HB-EGF was directly targeted by miR-194. A Venn diagram demonstrates the intersection of data extracted from several bioinformatics websites. (B) Binding sites shared between miR-194 and HB-EGF. (C-D) HB-EGF protein and mRNA expression in the GCs. KGN cells were transfected for 48 h with miR-194 mimic, miR-194 inhibitor, or the miR-NC group. (E) Luciferase reporter assays. (F) miR-194 and HB-EGF mRNA expression in PCOS patient ovarian GCs. n= 3-6 for each group; *P < 0.05 vs. control group or miR-NC group

Full size image

HB-EGF expression was downregulated in PCOS GCs and ovarian tissues of a PCOS rat model

To further confirm the role and effect of HB-EGF in PCOS, we first evaluated HB-EGF expression in ovarian tissues from a PCOS rat model (Fig. 4 A, B) and PCOS GCs (Fig. 4 C).
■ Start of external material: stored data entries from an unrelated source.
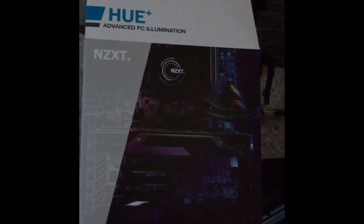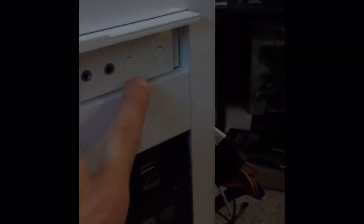On top of that I'm gonna go ahead and install this NZXT Hue Plus advanced PC illumination lighting kit. On the Lux case there's actually lights that go all the way around, and you can change them with the button here.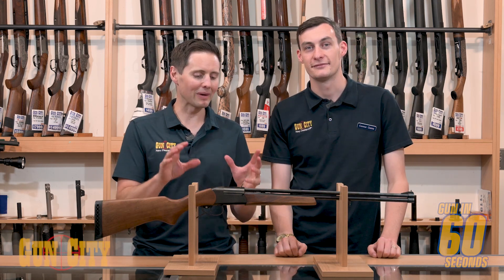This is a combo gun — 22 WMR, just a magnum round on one barrel, and on the other barrel you've got .410. The cool thing with this is you can go out and pretty much do two types of shooting: you can go and shoot bunnies and you can go and shoot birds with it.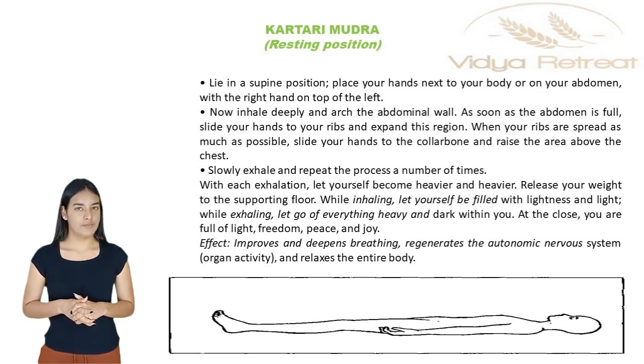Slowly exhale and repeat the process a number of times. With each exhalation, let yourself become heavier and heavier. Release your weight to the supporting floor.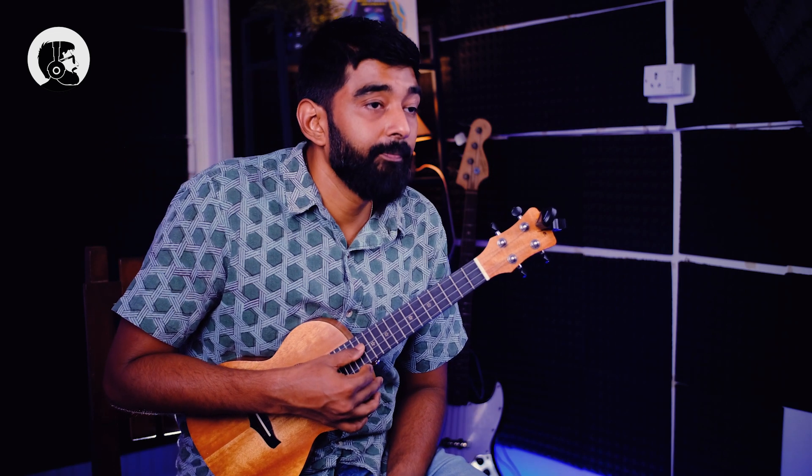Next, the third string which is your C string. If the tuner is showing B, that means the string is too low — turn the tuning peg counter-clockwise to make it higher until you reach C. Then we have the second string which is E: if the tuner shows a note lower than E, turn the tuning peg clockwise to make it higher until you reach E. Finally, the A string: if the tuner is showing a note higher than A, turn the tuning peg counter-clockwise to make it lower until you reach A. And that's it — that's how you tune the instrument!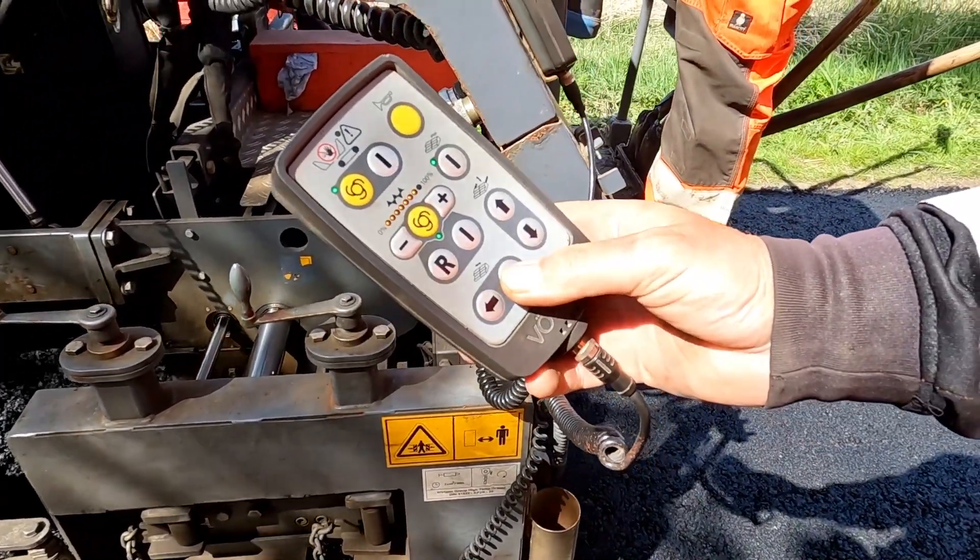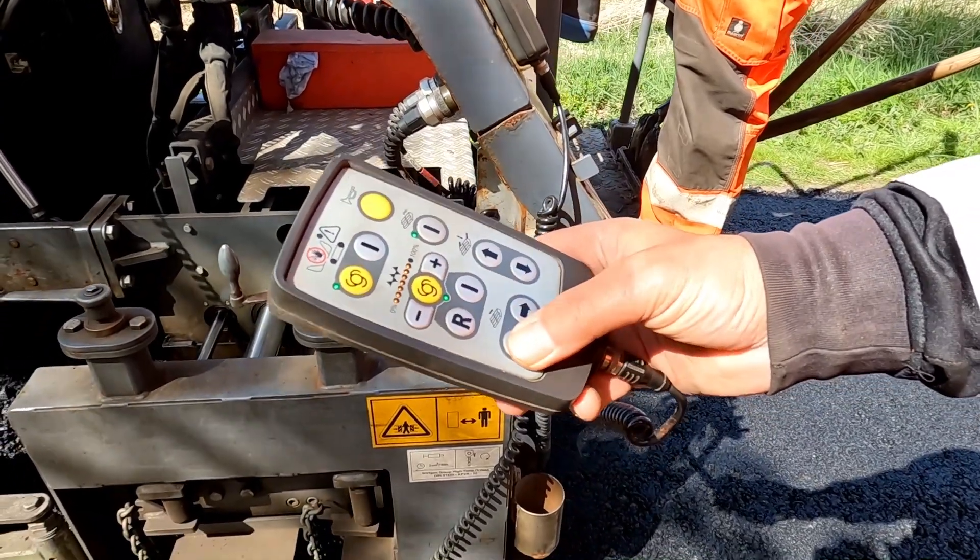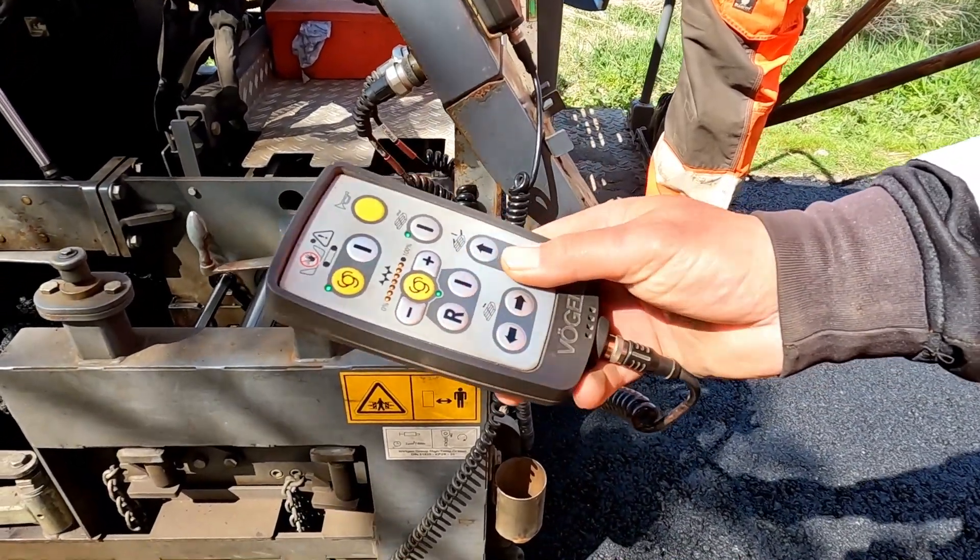Das ist mein Bedienpult, womit ich alles regle: Ausfahren, Einfahren, Höhen, Tiefen.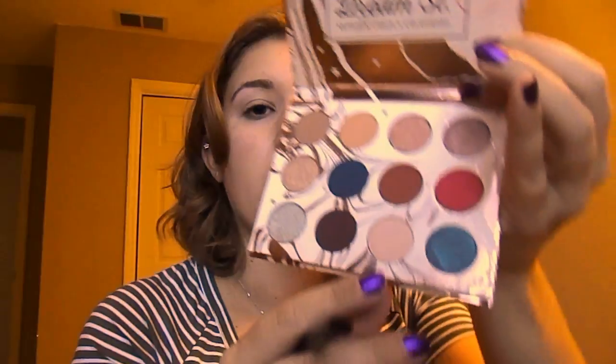The first thing I'm going to do is go into some eyeshadow primer. You can use whatever primer you want to use. Next I'm going to go in with this light shade right here and I'm just going to set that eyeshadow primer.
HB-EGF was drceased in GCs from PCOS patients and the PCOS rat model in contrast to the normal group, based on qRT-PCR and Western blotting.

Fig. 4
figure 4

HB-EGF was decreased in ovarian tissues from PCOS rat model and PCOS GCs. (A) Western blotting and (B) qRT-PCR were used to quantify HB-EGF protein and mRNA levels in the PCOS rat model. (C) qRT-PCR demonstrate HB-EGF mRNA expression in PCOS patient GCs and the control group (n=10). B-C. 𝑛 = 3-6 for each group. *P < 0.05 vs. control group

Full size image

HB-EGF upregulation reversed the impact of miR-194 mimic on KGN cell apoptosis

We then explored the potential involvement of HB-EGF in the pathogenesis of PCOS. Rescue experiments were used to determine the relationship between miR-194 mimic and HB-EGF overexpression (HB-EGF-OE). We first used KGN cells transfected with either a miR-194 mimic or an HB-EGF-OE. As shown in Fig. 5 A, the expression of HB-EGF was up-regulated in KGN cells. In Fig. 5B, HB-EGF was remarkably downregulated when cells were transfected with a miR-194 mimic, while HB-EGF reversed this trend. AO/EB and flow cytometry were used to assess KGN cell apoptosis when co-transfected with miR-194 mimic or miR-194 mimic+ HB-EGF-OE (Fig. 5 C, D). HB-EGF upregulation rescued KGN cell apoptosis induced by miR-194 mimic alone.

Fig. 5
figure 5

Upregulated HB-EGF reverses the effect of miR-194 mimic in KGN cells growth and apoptosis. (A) The expression of HB-EGF in KGN cells post-transfection with HB-EGF-OE. (B) The expression of HB-EGF in KGN cells post transfection with miR-194 mimic or miR-194 mimic+HB-EGF-OE. (C-D) The apoptotic rate of KGN cells was determined using AO/EB and flow cytometry. 𝑛 = 3-6 for each group; *P < 0.05 vs. miR-NC mimic group

Full size image

Discussion

PCOS is an endocrine-related ovarian defect with complex etiologic factors that adversely affect reproductive-aged women. The leading cause of infertility is a disorder in follicle development, which is stagnated in the antrum follicle stage (L J Webber et al. 2003, Franks S et al. 2008). Diabetes mellitus (DM) is characterized by hyperglycemia and hyperinsulinemia; PCOS patients exhibit the same symptoms [29,30,31]. Ovarian GCs form gap junctions with oocytes and play an essential role in the growth and development of oocytes [32, 33]. Thus, PCOS development has been established as a product of aberrant GC proliferation and apoptosis [34,35,36]. Notably, miRNAs have critical functions in a myriad of diseases, including PCOS [37]. Previous studies have shown that miRNA is abnormally expressed in follicular fluid and has been shown to modulate follicular development in human GCs. miR-194 has been implicated in several different malignancies, such as gastric cancer cell growth and lung cancer cell apoptosis [38, 39]. however, the role and effect of miR-194 in ovarian GCs are not entirely understood.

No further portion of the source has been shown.